» DATASET EXCERPTS:
******

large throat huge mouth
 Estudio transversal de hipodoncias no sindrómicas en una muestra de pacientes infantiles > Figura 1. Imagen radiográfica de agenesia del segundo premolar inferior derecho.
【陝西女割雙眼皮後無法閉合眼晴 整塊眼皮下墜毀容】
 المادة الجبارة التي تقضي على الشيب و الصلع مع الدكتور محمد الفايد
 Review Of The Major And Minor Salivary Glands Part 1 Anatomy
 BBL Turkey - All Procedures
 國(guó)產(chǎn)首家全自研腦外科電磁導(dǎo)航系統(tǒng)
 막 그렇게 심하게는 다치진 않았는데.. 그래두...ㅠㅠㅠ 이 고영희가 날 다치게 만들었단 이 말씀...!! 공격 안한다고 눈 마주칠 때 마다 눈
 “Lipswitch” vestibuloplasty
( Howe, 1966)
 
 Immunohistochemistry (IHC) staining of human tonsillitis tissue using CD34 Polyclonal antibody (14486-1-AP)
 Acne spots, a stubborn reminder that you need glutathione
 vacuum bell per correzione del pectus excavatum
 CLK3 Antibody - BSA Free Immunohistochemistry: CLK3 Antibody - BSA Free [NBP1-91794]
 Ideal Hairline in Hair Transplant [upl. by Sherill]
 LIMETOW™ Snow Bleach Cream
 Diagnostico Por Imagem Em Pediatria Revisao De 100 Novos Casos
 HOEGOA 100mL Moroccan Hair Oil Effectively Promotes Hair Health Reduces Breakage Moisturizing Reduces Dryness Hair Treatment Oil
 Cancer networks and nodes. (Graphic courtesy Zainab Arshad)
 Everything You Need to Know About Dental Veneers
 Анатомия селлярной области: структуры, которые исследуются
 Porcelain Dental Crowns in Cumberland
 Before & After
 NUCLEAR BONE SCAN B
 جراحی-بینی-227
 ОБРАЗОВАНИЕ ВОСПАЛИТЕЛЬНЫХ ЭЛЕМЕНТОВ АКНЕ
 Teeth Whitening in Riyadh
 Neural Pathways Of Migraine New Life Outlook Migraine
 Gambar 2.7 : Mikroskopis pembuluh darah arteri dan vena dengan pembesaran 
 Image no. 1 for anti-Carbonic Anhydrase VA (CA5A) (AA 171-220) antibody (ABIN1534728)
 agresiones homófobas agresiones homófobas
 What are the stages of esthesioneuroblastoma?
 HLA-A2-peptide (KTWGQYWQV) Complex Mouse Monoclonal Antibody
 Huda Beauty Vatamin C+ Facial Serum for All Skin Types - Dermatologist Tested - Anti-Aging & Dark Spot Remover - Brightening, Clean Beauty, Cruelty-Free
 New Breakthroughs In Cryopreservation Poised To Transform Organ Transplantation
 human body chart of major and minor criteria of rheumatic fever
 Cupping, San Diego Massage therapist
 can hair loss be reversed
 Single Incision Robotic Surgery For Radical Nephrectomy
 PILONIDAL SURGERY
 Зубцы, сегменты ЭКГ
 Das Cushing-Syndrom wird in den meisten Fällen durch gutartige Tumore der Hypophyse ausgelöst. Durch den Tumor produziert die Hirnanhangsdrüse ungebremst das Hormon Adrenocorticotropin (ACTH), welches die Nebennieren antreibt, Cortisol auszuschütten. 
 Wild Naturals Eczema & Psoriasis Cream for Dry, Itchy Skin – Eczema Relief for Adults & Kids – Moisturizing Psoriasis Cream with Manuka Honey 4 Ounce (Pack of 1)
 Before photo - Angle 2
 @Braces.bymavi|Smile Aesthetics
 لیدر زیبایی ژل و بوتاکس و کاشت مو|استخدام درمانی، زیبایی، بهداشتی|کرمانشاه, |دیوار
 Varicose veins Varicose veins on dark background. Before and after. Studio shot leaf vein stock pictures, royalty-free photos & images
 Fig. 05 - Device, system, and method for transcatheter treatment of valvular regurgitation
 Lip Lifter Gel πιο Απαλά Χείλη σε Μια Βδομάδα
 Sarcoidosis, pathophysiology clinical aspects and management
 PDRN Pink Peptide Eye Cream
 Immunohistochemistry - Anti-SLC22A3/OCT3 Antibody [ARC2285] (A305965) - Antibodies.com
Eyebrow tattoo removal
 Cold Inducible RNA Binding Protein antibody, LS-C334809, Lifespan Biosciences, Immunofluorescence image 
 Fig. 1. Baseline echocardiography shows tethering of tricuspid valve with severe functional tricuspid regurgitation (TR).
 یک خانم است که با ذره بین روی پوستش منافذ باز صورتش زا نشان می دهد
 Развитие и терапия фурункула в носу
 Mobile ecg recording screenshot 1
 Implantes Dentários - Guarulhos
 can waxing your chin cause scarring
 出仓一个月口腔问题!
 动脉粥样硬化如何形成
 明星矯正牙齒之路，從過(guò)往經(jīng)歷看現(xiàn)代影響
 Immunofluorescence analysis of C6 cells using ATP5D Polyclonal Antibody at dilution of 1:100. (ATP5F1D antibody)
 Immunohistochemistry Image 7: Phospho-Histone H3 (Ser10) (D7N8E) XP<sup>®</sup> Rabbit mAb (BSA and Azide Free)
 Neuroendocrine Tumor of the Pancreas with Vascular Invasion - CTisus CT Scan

******

Among the records above, repeat exactly the line with "Cold Inducible RNA", the line with "Implantes Dentários - Guarulhos", and every line in between, and only those.

 Cold Inducible RNA Binding Protein antibody, LS-C334809, Lifespan Biosciences, Immunofluorescence image 
 Fig. 1. Baseline echocardiography shows tethering of tricuspid valve with severe functional tricuspid regurgitation (TR).
 یک خانم است که با ذره بین روی پوستش منافذ باز صورتش زا نشان می دهد
 Развитие и терапия фурункула в носу
 Mobile ecg recording screenshot 1
 Implantes Dentários - Guarulhos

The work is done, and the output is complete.